» Given entries:
--- START ---
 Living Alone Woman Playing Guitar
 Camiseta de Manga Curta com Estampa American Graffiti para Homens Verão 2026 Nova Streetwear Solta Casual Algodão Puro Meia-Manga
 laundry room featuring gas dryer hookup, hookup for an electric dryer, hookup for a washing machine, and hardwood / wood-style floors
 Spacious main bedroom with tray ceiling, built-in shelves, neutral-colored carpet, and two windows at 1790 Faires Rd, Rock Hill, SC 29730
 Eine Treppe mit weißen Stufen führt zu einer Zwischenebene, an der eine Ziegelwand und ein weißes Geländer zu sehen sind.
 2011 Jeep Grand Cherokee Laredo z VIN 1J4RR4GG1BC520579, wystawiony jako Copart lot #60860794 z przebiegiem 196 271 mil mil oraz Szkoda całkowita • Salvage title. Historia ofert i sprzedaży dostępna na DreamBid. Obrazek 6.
--- END ---
--- START ---
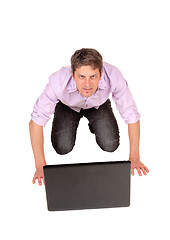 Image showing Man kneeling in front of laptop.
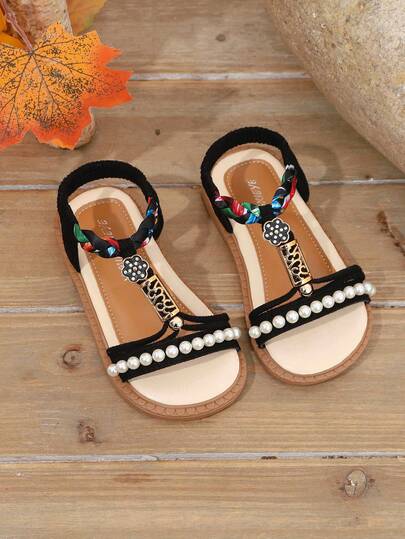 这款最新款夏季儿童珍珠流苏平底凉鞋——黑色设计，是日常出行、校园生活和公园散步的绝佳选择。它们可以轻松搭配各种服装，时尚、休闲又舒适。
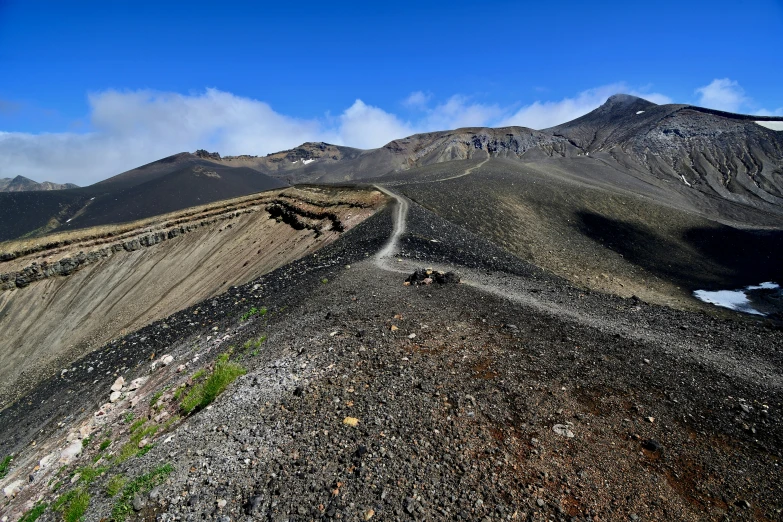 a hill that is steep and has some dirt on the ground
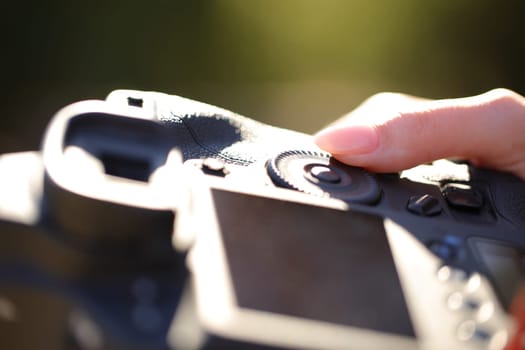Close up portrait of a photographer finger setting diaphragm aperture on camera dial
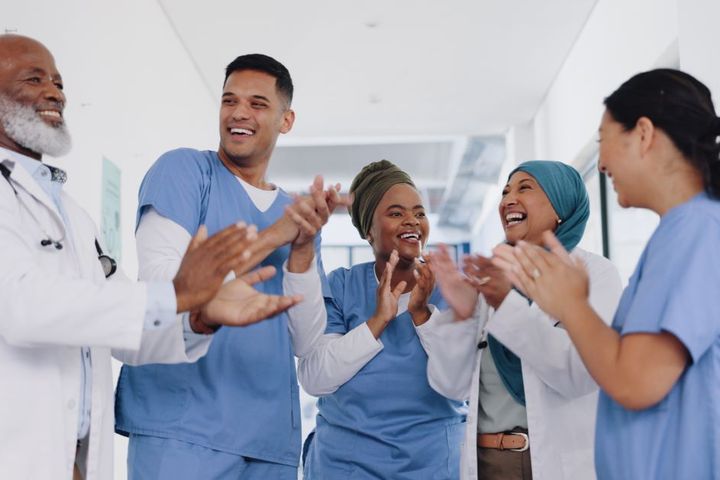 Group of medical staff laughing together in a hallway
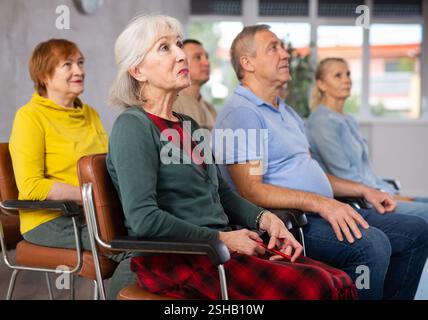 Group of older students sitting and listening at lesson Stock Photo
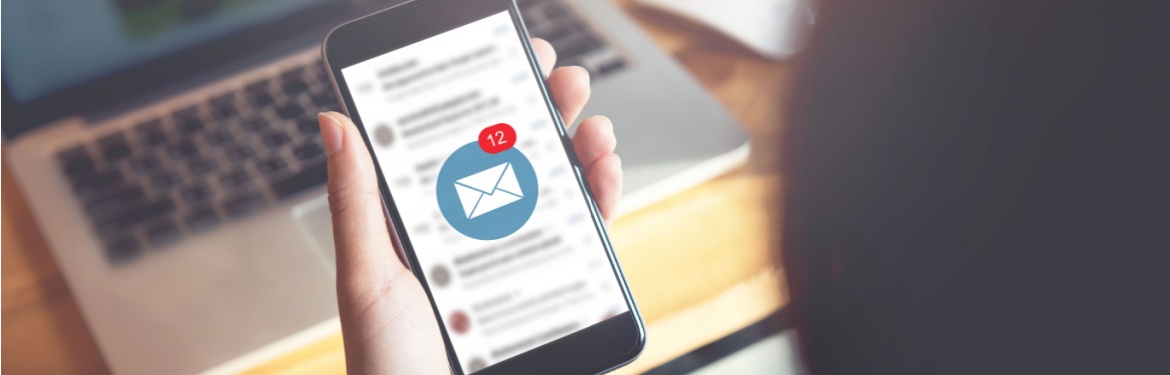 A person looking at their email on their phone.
--- END ---
--- START ---
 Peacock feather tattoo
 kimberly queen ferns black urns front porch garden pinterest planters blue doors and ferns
--- END ---
» What you will do:
Beginning with the line containing "Living Alone Woman Playing Guitar" in the material above, copy every line exactly until you have copied the line containing "laundry room featuring".

» Solution:
 Living Alone Woman Playing Guitar
 Camiseta de Manga Curta com Estampa American Graffiti para Homens Verão 2026 Nova Streetwear Solta Casual Algodão Puro Meia-Manga
 laundry room featuring gas dryer hookup, hookup for an electric dryer, hookup for a washing machine, and hardwood / wood-style floors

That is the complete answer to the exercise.